POST WORLD WAR II JAPANESE MUSIC IN HAWAII

I have rather eclectic music tastes, and the genres I most enjoy include:
  • Baroque (1600-1750)
  • Broadway shows
  • Popular music of the early '50's
  • Post World War II Japanese music with a Hawaii connection
You can't anymore listen to or watch post WWII Japanese music on radio or TV.  However, 15 Craigside is a special place, for we get the Royal Hawaiian Band and, yesterday, Blue Star.  You never heard of this group because it is an orchestra from Okinawa with an average age of 65, but only because the pianist and singer is much, much younger (that's her dancing below):


Most of the songs were Okinawan of this period.  However, the ones I remember  from  youth cover a wider range from the whole country, and two albums in particular are memorable:  Club Nissei (23 songs) and Hawaiian Nisei Songs (16 songs).

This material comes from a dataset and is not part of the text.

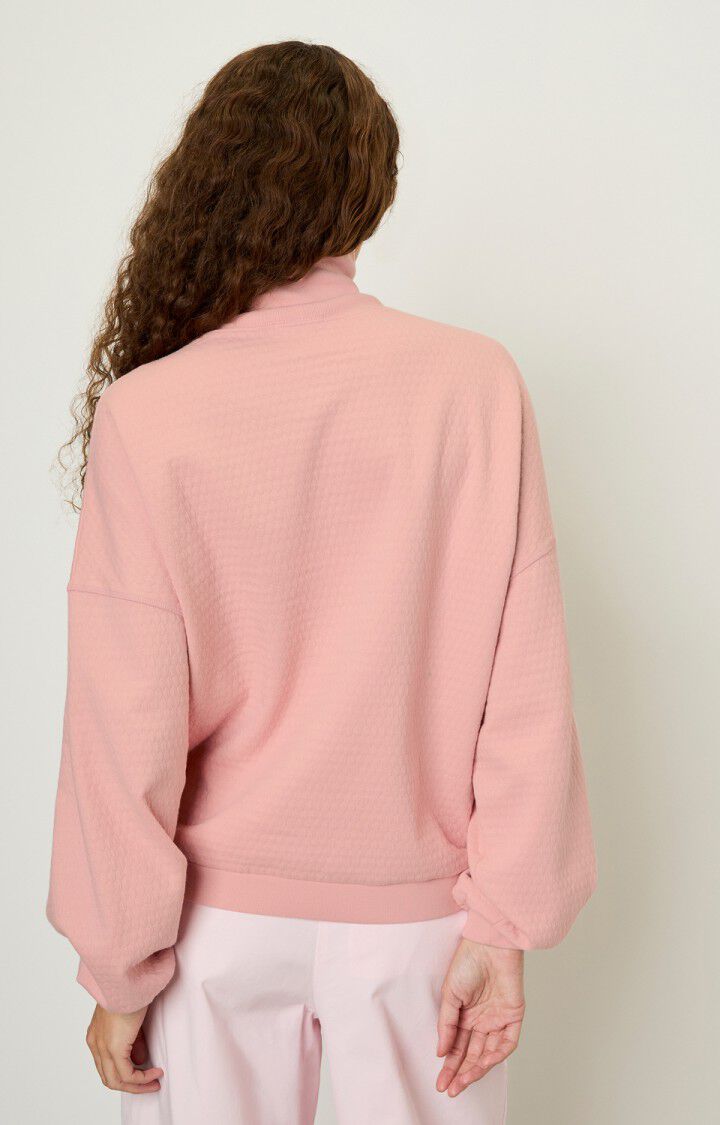 American Vintage Sweat Femme Ellan - GLYCINE 47 Manches Longues Rose - H22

Here is a quote from Hana Hou, the magazine of Hawaiian Airlines, of George Tanabe:

There were a few recordings out there, locked up in the obsolete technology of 78 rpm records. “There were records in the basement of Uncle Harry’s house,” says Alan Yoshioka, co-owner of Harry’s Music, the legendary music store founded by his uncle, who was also a leader of the wildly popular Hawaii Shochiku Orchestra. The records eventually found their way to producer Michael Cord, who secured licensing rights to the Shochiku recordings as well as the records of Club Nisei, another popular group. Cord digitally remastered the recordings and, from 2000 to 2003, released four CDs under the Hana Ola label: Club NiseiClub Nisei Encore!Paradise Honolulu: Hawaii Shochiku Orchestra and Honor Bound: Hawaii Shochiku Orchestra.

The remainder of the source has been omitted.